Last weekend President Obama gave a commencement speech at the historically African-American Hampton College in Virginia. But, as has become routine, any utterances of the President are merely new opportunities for the rightist deception machine to misconstrue his remarks. This speech was no exception.
Much of the right-wing media eagerly ignored 95% of Obama’s speech to focus on a short passage that was partly humorous and entirely true. The President told the graduating students that…
>”…you’re coming of age in a 24/7 media environment that bombards us with all kinds of content and exposes us to all kinds of arguments, some of which don’t rank all that high on the truth meter. And with iPods and iPads; and Xboxes and PlayStations – none of which I know how to work – information becomes a distraction, a diversion, a form of entertainment, rather than a tool of empowerment, rather than the means of emancipation. So all of this is not only putting pressure on you; it’s putting new pressure on our country and on our democracy.”
“With so many voices clamoring for attention on blogs, and on cable, on talk radio, it can be difficult, at times, to sift through it all; to know what to believe; to figure out who’s telling the truth and who’s not. Let’s face it, even some of the craziest claims can quickly gain traction. I’ve had some experience in that regard.”
This common sense observation of modern media has stirred up the wingnut faction from one end to the other. Everyone from David Horowitz to the John Birch Society to BigGovernment to RedState, and on and on, set about picking apart this soundbite to accuse Obama of being anti-technology. And to no one’s surprise, Fox News was all over it.
The consensus amongst these psycho-Chicken Littles is that Obama was warning students that all technology is dangerous and evil, and that information is bad. They start by registering shock that the President would assert that not everything on the Internet is true (oh my). Glenn Beck went down this path, staring incredulously into the camera after playing Obama’s remark about the “truth meter.” Beck couldn’t believe what he was hearing. In his response he accused the President of advocating censorship and the banning of information.
Beck: Name the president in the history of America that has said, “information is a…it’s a diversion. It’s distracting. There can be too much information out there. Some information is…we’ve gotta stop it.”
Then Beck said that he has never before heard a president say these things. Well, he hasn’t seen this president say them either. Obama never even implied that any information should be stopped. He simply said that there’s a lot of it and information consumers need to be discriminating. The funny thing is that Beck says the same thing almost every day. Beck is constantly criticizing the media as a purveyor of lies, and warning his disciples to pay close attention so that they don’t get duped. But if Obama says it, he is somehow crossing over into suppression of free speech. Beck even compared it to book burning.
Beck might want to consult Dr. Keith Ablow, a psychiatrist and a frequent guest on his show. Ablow wrote a column on the Fox News web site that agreed with Obama:
“President Obama has apparently had a moment of epiphany and realized that new media and new technology can cleave young people from the truth and render them addicted to gadgets and entertainment. He said as much – attacking the iPod and iPad – at a speech to graduates of a college in Virginia last week.
The president is doubly correct. First of all, he is right (as I have written a number of times) that the Internet, Facebook and, yes, the new iPad and many other devices can interfere with people becoming wise and knowledgeable, rather than simply deluged with facts. They can also become estranged from real relationships and from themselves as they become obsessed with pretending to be stars on YouTube or worthy of ‘followers’ on Twitter or popular with thousands of ‘friends’ on Facebook.”
Of course, Obama didn’t actually “attack” any gadgets. He simply noted that they should be used sensibly. Then, because he is a Fox News contributor, Ablow went on to make some rather predictable criticisms of Obama that had no relevance to the topic before conceding that “None of this discounts Obama’s astute observations.”
It is remarkable how determined Obama’s critics are, that they can find so many straws on which to grasp.
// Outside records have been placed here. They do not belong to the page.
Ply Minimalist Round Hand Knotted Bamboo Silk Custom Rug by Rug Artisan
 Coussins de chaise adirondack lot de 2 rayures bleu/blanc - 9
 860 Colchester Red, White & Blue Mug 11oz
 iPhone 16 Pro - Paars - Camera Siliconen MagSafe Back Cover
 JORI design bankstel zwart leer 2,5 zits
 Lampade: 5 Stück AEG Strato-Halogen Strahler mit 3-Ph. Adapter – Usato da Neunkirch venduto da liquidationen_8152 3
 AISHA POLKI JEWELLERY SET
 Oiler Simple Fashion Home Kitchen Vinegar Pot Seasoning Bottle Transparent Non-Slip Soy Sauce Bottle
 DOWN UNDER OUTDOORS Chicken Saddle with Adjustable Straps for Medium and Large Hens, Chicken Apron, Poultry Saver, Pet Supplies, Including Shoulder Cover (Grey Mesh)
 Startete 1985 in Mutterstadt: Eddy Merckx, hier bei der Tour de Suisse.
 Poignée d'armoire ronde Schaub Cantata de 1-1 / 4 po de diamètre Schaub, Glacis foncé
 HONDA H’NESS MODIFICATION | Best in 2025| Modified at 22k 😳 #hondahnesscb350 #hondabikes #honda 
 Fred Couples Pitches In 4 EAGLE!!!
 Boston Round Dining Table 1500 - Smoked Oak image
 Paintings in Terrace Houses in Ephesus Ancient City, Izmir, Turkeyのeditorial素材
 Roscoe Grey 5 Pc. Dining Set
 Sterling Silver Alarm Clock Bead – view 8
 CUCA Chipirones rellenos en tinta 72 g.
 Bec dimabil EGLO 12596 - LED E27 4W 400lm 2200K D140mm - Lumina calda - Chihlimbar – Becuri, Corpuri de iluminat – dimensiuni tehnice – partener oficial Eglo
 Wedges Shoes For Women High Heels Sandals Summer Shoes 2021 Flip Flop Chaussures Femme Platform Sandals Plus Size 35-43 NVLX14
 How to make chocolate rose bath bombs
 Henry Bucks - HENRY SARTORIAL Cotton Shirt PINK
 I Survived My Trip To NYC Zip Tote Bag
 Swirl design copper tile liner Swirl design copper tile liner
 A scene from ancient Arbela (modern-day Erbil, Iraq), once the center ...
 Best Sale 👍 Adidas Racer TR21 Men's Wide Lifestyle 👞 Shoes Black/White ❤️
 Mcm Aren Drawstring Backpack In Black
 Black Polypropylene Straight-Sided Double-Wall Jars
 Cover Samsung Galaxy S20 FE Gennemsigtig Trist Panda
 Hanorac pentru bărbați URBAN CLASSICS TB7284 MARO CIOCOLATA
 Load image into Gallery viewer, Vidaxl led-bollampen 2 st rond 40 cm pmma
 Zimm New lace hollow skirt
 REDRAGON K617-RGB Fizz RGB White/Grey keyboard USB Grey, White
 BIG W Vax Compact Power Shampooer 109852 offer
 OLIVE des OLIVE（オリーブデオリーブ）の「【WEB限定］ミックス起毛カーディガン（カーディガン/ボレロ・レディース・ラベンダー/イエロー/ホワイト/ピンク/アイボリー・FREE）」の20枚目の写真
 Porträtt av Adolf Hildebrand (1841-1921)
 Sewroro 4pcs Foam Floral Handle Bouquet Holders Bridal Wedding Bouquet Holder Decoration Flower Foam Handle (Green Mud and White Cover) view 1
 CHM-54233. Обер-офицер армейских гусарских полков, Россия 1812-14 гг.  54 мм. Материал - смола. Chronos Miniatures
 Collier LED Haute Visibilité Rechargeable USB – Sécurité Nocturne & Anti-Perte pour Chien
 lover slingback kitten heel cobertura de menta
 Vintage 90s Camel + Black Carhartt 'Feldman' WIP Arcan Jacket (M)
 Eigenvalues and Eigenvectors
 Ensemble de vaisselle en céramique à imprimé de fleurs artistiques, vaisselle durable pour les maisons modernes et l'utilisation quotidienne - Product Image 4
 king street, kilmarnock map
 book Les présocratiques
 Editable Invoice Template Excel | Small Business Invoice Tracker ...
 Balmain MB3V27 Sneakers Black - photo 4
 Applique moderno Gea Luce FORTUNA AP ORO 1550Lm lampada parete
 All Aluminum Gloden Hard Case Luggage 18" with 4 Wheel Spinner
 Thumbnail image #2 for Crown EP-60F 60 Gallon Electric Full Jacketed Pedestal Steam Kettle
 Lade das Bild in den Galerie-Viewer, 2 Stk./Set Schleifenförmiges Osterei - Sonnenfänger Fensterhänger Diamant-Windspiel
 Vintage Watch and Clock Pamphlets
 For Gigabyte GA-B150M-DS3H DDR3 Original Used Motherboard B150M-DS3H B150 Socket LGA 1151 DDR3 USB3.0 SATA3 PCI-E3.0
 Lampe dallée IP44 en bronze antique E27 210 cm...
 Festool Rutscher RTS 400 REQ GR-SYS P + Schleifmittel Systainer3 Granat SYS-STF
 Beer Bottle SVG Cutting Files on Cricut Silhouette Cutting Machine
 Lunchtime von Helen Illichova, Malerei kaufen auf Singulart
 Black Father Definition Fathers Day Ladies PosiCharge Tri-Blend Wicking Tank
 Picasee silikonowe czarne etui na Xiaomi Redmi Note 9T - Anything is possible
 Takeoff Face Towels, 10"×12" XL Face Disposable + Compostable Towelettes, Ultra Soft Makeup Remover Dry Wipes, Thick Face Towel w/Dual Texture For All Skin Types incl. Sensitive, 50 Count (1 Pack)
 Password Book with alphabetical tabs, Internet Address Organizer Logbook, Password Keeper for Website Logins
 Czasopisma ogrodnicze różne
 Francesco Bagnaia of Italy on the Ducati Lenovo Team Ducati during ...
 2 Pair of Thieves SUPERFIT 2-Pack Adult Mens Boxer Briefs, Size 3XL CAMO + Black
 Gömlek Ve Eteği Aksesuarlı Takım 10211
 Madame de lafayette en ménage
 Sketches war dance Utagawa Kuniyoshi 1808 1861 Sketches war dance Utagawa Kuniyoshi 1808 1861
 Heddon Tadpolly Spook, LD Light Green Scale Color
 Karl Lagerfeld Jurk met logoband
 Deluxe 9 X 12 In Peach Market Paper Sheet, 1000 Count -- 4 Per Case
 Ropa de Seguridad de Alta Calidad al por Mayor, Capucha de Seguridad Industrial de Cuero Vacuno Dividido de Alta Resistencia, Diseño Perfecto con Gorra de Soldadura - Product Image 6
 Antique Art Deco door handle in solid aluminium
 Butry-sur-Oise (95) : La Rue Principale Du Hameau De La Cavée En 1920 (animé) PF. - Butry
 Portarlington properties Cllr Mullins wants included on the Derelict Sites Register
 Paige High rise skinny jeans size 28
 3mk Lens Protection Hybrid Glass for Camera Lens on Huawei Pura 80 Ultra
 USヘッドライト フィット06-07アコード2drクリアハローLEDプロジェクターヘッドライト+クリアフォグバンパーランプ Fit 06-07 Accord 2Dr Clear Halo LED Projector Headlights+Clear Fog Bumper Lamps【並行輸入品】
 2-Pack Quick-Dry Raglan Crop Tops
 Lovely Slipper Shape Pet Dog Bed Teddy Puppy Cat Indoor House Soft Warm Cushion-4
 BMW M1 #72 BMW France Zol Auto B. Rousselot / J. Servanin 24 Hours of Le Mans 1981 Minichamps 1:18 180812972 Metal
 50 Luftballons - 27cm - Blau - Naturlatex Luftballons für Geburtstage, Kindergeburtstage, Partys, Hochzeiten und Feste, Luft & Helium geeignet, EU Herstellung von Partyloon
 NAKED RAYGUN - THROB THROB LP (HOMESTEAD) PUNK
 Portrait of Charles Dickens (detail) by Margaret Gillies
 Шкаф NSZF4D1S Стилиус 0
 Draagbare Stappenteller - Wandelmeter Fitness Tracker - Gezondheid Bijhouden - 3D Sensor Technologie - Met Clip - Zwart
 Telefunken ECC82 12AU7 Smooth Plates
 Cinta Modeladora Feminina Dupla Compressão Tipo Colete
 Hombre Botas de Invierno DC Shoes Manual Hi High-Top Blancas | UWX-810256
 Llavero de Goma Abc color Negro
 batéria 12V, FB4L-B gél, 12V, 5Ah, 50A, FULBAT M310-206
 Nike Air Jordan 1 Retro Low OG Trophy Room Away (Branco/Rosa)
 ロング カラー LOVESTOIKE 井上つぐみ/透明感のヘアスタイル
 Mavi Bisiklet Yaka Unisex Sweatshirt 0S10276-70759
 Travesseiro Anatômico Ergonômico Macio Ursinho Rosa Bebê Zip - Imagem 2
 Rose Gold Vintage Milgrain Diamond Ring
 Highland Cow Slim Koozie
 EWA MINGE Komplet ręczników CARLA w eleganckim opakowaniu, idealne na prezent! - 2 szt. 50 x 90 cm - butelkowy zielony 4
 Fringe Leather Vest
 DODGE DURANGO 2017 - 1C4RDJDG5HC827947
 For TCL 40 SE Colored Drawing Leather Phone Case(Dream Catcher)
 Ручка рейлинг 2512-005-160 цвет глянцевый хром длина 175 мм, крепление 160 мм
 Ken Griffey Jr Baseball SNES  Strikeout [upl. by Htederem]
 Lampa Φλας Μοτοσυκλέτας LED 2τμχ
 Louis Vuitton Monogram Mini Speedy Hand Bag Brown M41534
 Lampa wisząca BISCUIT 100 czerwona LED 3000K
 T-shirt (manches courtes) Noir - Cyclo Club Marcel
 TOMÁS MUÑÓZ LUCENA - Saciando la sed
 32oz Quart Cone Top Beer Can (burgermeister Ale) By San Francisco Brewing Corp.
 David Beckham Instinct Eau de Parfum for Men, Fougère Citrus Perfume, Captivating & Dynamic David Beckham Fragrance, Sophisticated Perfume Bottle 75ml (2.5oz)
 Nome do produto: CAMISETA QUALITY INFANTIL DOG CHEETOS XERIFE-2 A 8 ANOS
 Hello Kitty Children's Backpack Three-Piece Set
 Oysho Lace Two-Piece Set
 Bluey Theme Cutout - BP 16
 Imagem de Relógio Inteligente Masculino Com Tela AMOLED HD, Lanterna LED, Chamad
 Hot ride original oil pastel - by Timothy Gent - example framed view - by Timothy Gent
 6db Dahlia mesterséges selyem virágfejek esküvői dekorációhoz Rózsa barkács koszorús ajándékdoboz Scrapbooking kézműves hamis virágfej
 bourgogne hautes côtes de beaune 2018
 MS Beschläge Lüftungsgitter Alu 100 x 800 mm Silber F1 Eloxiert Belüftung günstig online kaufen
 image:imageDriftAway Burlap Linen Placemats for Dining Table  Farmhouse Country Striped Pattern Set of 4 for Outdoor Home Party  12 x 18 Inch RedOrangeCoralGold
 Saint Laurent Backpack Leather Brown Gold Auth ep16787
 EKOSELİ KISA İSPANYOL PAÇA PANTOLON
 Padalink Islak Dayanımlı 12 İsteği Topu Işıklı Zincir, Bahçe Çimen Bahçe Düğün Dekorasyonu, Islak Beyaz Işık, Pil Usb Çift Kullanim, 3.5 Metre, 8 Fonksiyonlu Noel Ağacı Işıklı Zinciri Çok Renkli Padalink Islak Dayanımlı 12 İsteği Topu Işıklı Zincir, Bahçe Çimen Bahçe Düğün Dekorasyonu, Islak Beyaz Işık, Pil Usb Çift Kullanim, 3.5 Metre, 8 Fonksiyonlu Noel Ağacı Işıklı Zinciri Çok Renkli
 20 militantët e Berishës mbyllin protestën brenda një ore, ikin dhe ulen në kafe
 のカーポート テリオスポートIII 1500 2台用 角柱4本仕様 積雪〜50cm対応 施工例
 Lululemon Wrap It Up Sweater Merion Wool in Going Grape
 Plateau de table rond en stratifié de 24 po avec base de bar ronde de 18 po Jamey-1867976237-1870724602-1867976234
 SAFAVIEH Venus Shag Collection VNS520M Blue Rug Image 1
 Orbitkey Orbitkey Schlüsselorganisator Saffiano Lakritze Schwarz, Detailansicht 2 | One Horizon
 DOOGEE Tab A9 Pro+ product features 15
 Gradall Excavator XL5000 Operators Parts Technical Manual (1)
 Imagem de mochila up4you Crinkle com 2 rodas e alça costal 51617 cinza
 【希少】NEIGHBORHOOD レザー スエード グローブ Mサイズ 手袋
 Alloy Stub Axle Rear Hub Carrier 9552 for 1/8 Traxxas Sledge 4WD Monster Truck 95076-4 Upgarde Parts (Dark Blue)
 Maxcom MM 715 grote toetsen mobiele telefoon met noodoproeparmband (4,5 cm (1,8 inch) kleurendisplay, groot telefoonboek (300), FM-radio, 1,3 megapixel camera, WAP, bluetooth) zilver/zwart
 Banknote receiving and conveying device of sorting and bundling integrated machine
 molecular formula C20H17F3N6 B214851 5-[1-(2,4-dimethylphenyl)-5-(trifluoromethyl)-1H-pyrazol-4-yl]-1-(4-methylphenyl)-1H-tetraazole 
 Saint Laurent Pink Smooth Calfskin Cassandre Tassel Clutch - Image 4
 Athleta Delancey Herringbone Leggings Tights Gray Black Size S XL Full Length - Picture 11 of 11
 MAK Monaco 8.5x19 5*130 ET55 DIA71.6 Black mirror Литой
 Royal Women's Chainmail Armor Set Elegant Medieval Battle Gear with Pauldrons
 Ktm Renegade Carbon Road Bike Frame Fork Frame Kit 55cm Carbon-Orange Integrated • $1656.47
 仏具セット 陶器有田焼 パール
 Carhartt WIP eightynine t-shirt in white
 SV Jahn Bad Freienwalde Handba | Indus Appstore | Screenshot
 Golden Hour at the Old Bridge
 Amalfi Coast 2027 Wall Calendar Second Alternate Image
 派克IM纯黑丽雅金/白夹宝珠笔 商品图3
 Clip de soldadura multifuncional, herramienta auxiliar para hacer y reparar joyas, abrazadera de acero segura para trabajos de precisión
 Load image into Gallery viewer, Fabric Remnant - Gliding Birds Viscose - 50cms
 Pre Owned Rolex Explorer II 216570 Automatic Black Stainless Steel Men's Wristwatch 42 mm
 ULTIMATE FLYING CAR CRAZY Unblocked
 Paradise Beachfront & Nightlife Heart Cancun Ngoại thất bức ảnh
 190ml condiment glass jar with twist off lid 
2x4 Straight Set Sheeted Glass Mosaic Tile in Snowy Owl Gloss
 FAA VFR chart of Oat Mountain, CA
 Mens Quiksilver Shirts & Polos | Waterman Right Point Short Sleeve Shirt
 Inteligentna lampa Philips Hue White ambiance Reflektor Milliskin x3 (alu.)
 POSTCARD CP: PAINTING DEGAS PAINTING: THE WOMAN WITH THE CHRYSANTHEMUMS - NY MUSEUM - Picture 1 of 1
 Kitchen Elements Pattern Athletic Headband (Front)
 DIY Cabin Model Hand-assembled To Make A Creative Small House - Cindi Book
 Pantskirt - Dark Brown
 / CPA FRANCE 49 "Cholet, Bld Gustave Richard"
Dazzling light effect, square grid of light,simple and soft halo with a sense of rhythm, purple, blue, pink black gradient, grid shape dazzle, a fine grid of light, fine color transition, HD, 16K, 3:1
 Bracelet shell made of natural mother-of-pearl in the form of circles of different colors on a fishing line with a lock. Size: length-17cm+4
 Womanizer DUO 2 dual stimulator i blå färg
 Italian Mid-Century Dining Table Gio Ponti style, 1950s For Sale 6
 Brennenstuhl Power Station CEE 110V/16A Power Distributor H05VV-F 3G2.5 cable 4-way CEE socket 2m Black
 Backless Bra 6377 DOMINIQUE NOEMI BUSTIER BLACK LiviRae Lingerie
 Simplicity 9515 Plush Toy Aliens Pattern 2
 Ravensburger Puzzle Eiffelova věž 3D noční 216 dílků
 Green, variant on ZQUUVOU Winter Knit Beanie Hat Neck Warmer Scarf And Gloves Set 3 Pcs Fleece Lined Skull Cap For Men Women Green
And now that they have declared Obama a foe of iPads and other technology, perhaps they will stop accusing him of using technology to thrust decent, patriotic citizens into slavery. That is another of the current falsehoods that the right is spewing with regard to Network Neutrality. And they have just launched a $1.4 million campaign to convince people that giant corporations should be able to decide what you can and cannot access online.
Feel free to visit FreePress.net and help them in their efforts to keep the Internet open, free and independent of the crushing influence of government and business. And don’t forget the iPad burning tonight that will start at 8:00pm in front of Rockefeller Center.